The total world sulfur production is anticipated to increase in the future, causing a downward pressure on sulfur prices. With low sulfur prices and large stockpiles of sulfur, it is worthwhile to consider alternate processes for handling sulfur. One such alternate is the injection of acid gas into a subsurface reservoir, much like injecting the produced water during crude oil production.
Acid gas injection has several advantages and disadvantages. Advantages include low operating expenses, reduced sulfur emissions into the atmosphere, CO2 sequestration and the ability to handle wide range of acid gas compositions. Disadvantages include finding a geologically isolated disposal or storage reservoir, increased safety risks, subsurface migration and lost revenues from sulfur. Any one of these could be the controlling factor, and a detailed economic and environmental analysis is needed to decide whether an acid gas injection (AGI) scheme should be installed in lieu of sulfur recovery plant. The existing AGI schemes are primarily installed in Canada (a few in the USA) due to low sulfur prices, increased environmental regulations making it mandatory for operators to control sulfur emissions into the atmosphere, and availability of suitable depleted oil and gas reservoirs.

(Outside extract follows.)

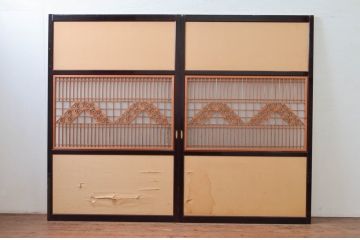 アンティーク建具　高級品!!　漆塗り框の組子入りガラス帯戸2枚セット(引き戸、ガラス戸)(R-079886)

This paper presents a roadmap for acid gas injection schemes including the technical and economic factors that need to be addressed in deciding whether AGI is feasible. An example feasibility study for a Saudi Arabian field is included as a case study.
Raw natural gas, both associated and non-associated, generally contains carbon dioxide and sometimes hydrogen sulfide. These two components have to be removed from natural gas by a "sweetening" process involving a regenerative solvent. This removal process is necessary for the natural gas to meet pipeline and sales gas specifications. The separated gas stream, often referred as acid gases, usually contains H2S, CO2, water and minor amounts of hydrocarbon components. The amounts of these components in the acid gas stream, particularly H2S and CO2, vary significantly depending on their relative amounts in the raw gas stream and the selected gas treating process.
The acid gases are usually processed in a sulfur recovery unit, typically a modified Claus Plant, to convert H2S to elemental sulfur. The efficiency of the Claus Plant, and hence the conversion of H2S to sulfur, depends on the composition of acid gases. Conversion efficiency decreases as the concentration of CO2 increases relative to H2S in the feed stream. At very high CO2/H2S ratios in the acid gases, a Super Claus unit or a tail gas unit must be employed to boost the conversion efficiencies of the Claus Plant and meet sulfur dioxide (SO2) environmental emission regulations. The addition of a Super Claus or a tail gas unit (TGU) increases the overall cost of sulfur production. The selection of an appropriate sulfur recovery technology also depends on the sulfur production capacity and environmental regulations.
An alternate to recovering the sulfur is to compress the acid gases and inject them into a suitable underground reservoir. This is akin to produced water disposal, with the added advantage of reducing the emission of greenhouse and acid gases. Stricter environmental regulations also favor the reinjection option, as the tail gas is burnt/flared and emitted to the atmosphere in the form of sulfur dioxide (SO2) and CO2.
During the past decade, a number of operators, primarily in Canada, have developed technologies for disposing acid gases by injecting them into subsurface reservoirs. In many cases, the injection option has been economically, operationally and environmentally superior to a sulfur recovery unit. This has been primarily due to the availability of shallower reservoirs for injection, and low acid gas flow rates that make a SRU a more expensive option.